**Instructions to follow:** Don't include pictures. Quote the lines below from the first through the line that contains "1998 Ingersoll Rand".

----- Record set -----

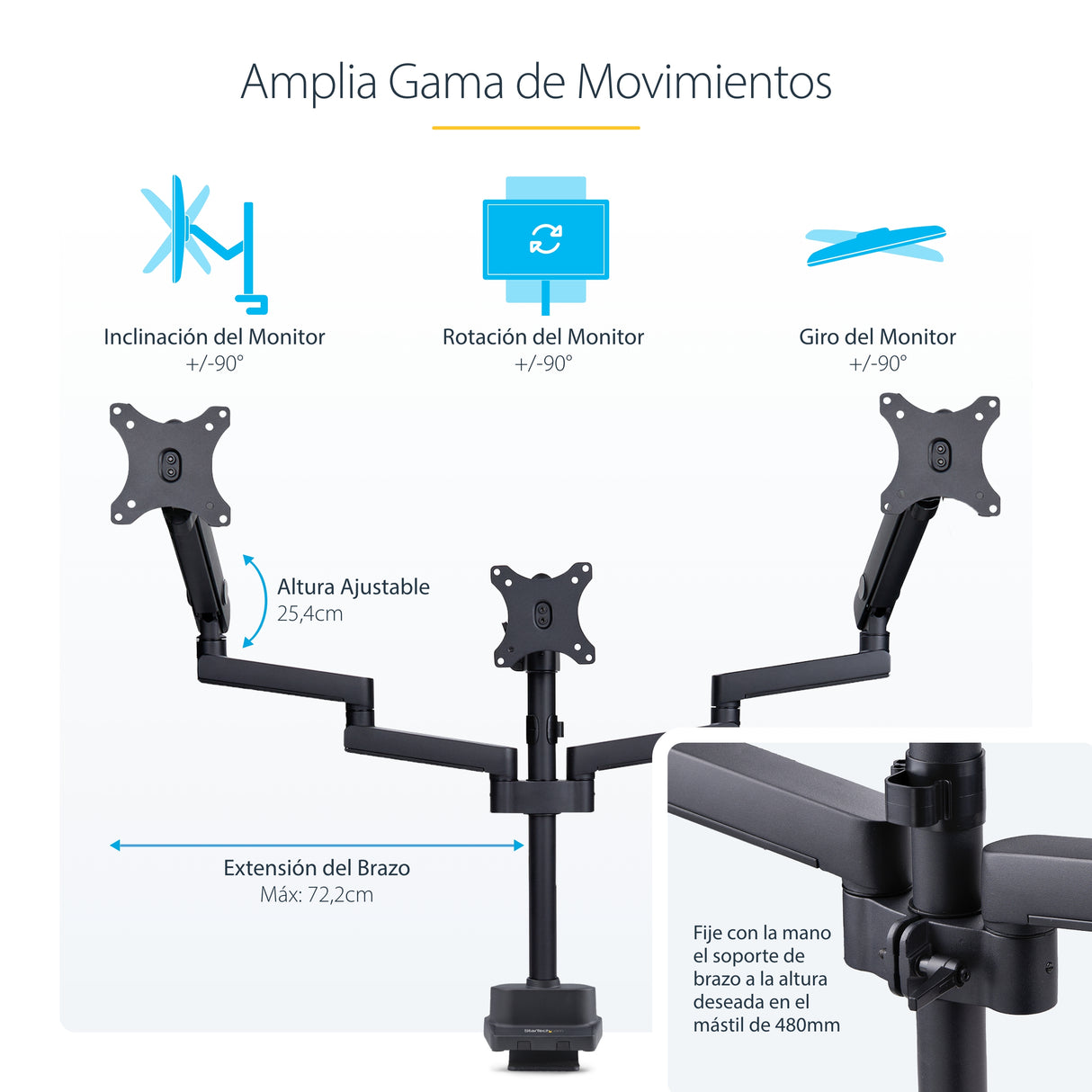 StarTech.com Soporte de Escritorio para 3 Monitores VESA 75x75/100x100 de 27 Pulgadas - Grommet o Abrazadera en C - Ajus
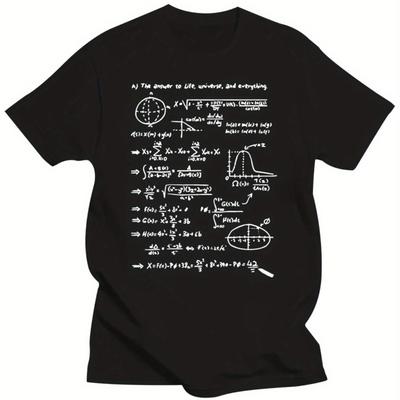 Camiseta de Algodón para Hombre con Estampado de Problema de Matemáticas Manga Corta Cuello Redondo Corte Regular Negro Casual Diseño Elegante para Adultos Ropa de Hombre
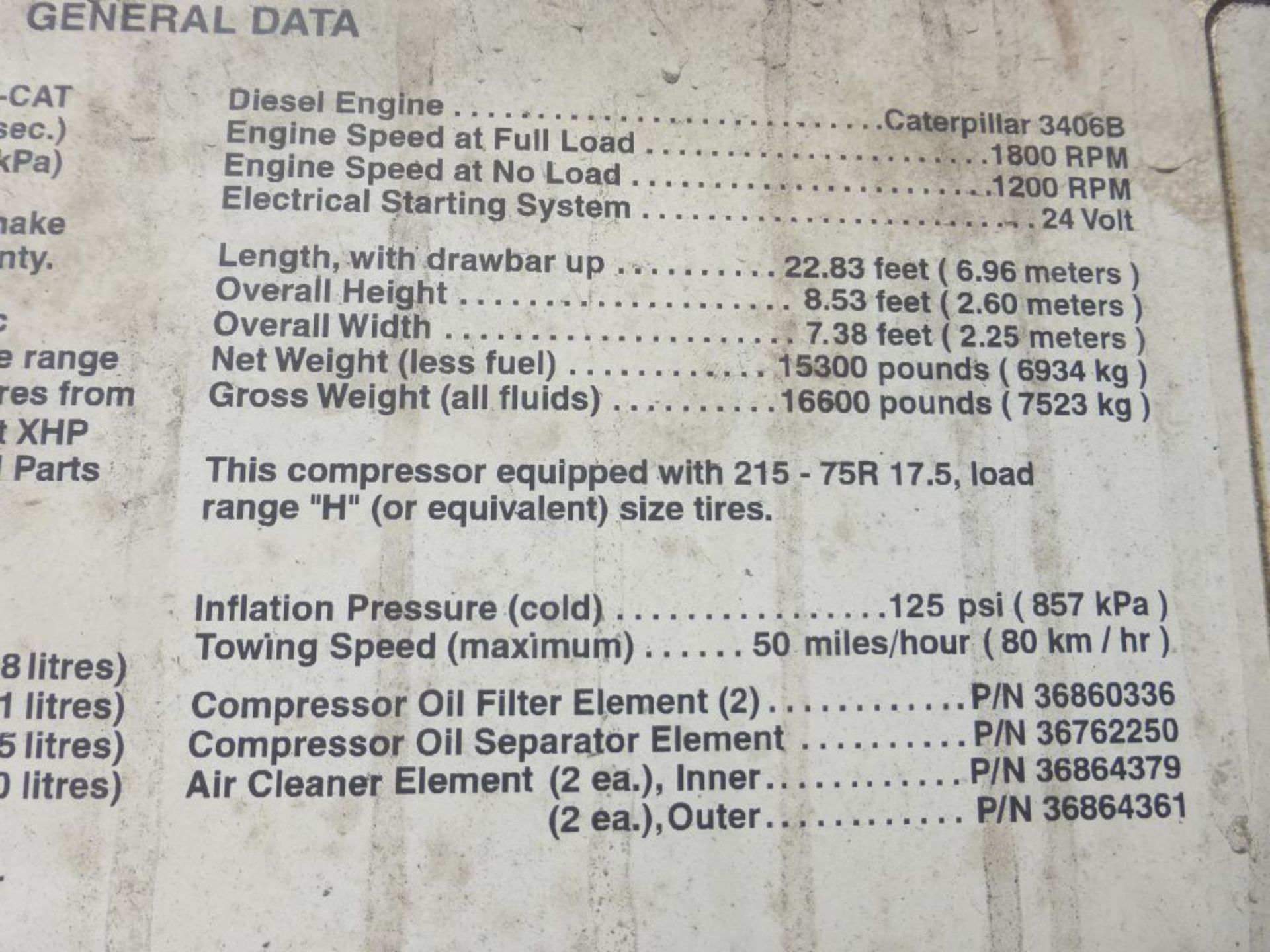 1998 Ingersoll Rand 1070 Towable Air Compressor | Model No. XHP-1070-W-CAT; Serial No. 293038UGI588; - Image 14 of 15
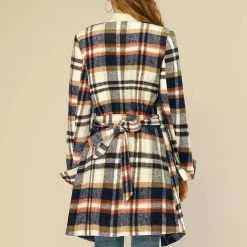 Allegra K Women's Shawl Collar Belted Asymmetrical Hem Plaid Coat
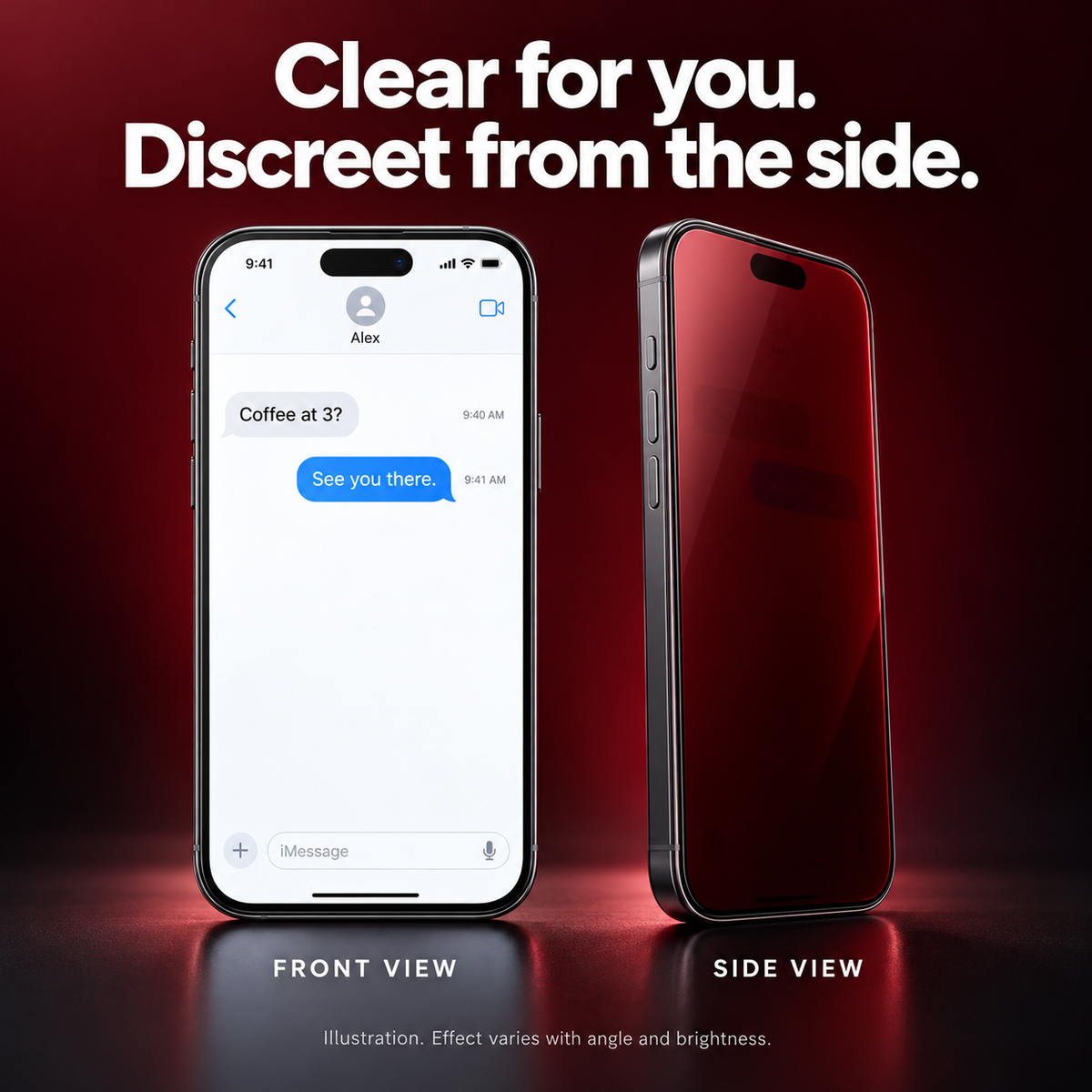 📱 Rød shimmer privatlivs-hærdet glas skærmbeskytter til iPhone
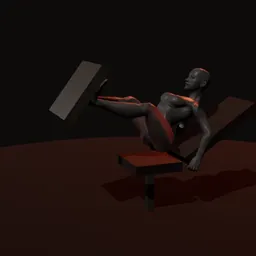 Leg press base fechada: posição 1 de 3 (boneco 3D feminino)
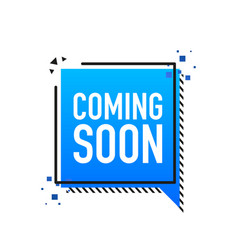 Coming Soon Flat Banner On Blue Background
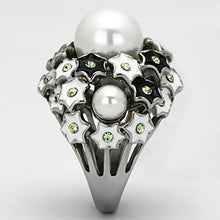 Load image into Gallery viewer, TK818 - High polished (no plating) Stainless Steel Ring with Synthetic Pearl in White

-----

**Task output:**
 StarTech.com Soporte de Escritorio para 3 Monitores VESA 75x75/100x100 de 27 Pulgadas - Grommet o Abrazadera en C - Ajus
 Camiseta de Algodón para Hombre con Estampado de Problema de Matemáticas Manga Corta Cuello Redondo Corte Regular Negro Casual Diseño Elegante para Adultos Ropa de Hombre
 1998 Ingersoll Rand 1070 Towable Air Compressor | Model No. XHP-1070-W-CAT; Serial No. 293038UGI588; - Image 14 of 15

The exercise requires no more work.